• Task details
Return every line from the one with "Ниссан примера сатылады 450мың" through the one with "Cupcakes tout spéculoos", inclusive, exactly as it appears below.

┌─ Records for the task

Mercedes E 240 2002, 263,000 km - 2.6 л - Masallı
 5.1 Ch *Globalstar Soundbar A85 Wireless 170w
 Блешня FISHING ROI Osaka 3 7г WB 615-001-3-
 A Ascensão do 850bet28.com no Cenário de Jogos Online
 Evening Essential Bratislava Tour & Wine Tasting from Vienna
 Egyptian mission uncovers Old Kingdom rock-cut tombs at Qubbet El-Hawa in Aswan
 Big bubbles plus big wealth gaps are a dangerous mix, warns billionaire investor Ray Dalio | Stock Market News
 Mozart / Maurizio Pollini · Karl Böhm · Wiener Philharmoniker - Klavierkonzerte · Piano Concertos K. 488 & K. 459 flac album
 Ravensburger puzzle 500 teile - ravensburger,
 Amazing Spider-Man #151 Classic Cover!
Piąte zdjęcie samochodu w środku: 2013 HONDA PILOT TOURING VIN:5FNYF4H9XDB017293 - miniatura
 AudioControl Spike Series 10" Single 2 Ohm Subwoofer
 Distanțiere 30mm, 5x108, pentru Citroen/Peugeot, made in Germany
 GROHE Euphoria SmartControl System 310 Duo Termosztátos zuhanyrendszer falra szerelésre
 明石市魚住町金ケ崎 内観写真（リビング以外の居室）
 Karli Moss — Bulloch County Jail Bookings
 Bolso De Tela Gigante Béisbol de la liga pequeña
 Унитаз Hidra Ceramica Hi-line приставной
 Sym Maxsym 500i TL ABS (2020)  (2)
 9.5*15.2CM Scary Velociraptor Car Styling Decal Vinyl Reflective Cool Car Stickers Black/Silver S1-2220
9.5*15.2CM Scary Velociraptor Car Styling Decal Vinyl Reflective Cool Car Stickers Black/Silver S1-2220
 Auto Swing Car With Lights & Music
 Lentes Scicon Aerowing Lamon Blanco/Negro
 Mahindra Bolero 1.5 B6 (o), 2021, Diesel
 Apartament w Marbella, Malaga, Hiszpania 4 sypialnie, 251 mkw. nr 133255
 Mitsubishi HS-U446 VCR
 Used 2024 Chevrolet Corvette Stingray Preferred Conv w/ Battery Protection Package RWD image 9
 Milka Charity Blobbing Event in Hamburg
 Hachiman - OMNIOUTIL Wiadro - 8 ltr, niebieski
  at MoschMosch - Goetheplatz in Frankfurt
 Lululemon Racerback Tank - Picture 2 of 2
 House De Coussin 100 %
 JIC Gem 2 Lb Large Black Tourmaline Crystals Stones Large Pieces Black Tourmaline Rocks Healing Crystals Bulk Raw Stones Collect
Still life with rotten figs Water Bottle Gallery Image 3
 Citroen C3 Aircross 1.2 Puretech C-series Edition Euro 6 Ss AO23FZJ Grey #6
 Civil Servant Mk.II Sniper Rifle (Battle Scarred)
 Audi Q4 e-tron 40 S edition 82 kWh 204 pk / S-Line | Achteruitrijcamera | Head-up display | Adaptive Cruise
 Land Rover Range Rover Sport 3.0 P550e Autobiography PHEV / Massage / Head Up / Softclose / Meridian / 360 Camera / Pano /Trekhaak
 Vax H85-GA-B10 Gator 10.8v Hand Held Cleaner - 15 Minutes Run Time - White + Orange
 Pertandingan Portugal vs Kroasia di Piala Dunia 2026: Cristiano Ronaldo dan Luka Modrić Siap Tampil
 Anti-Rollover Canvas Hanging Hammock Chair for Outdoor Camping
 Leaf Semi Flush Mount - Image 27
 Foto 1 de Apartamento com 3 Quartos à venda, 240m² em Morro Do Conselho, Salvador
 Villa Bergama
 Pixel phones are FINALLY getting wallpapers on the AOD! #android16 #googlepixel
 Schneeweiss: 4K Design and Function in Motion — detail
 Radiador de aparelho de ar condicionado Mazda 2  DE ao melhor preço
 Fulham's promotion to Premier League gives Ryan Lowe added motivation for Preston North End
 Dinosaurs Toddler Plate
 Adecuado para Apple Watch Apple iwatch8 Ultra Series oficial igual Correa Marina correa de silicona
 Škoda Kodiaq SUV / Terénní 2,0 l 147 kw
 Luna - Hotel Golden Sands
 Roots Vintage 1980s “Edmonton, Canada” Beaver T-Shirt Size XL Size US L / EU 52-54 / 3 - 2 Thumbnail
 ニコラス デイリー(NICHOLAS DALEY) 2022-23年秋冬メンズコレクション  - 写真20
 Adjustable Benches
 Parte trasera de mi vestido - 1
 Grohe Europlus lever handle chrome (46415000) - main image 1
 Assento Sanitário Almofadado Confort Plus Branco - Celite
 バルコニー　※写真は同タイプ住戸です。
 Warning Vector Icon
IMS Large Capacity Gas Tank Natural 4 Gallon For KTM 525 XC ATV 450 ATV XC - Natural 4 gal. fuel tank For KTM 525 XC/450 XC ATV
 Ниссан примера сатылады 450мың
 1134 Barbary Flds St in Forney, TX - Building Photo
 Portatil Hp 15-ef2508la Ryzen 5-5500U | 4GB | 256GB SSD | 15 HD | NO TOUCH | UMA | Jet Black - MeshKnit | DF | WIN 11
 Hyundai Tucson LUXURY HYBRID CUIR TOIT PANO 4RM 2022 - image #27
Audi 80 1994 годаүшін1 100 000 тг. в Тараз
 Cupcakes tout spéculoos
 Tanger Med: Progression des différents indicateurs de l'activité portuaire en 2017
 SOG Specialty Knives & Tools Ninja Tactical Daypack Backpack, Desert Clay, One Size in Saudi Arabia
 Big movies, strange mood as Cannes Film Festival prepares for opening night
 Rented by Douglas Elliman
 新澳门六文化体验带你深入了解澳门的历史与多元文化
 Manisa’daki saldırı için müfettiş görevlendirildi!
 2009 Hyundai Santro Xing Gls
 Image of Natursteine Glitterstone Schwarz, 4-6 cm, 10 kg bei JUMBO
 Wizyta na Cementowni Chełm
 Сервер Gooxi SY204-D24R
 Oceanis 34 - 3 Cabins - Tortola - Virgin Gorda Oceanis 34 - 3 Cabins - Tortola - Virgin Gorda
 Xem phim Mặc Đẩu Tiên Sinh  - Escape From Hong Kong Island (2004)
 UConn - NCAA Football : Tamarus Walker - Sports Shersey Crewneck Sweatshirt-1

└─

• Solution to this exercise
 Ниссан примера сатылады 450мың
 1134 Barbary Flds St in Forney, TX - Building Photo
 Portatil Hp 15-ef2508la Ryzen 5-5500U | 4GB | 256GB SSD | 15 HD | NO TOUCH | UMA | Jet Black - MeshKnit | DF | WIN 11
 Hyundai Tucson LUXURY HYBRID CUIR TOIT PANO 4RM 2022 - image #27
Audi 80 1994 годаүшін1 100 000 тг. в Тараз
 Cupcakes tout spéculoos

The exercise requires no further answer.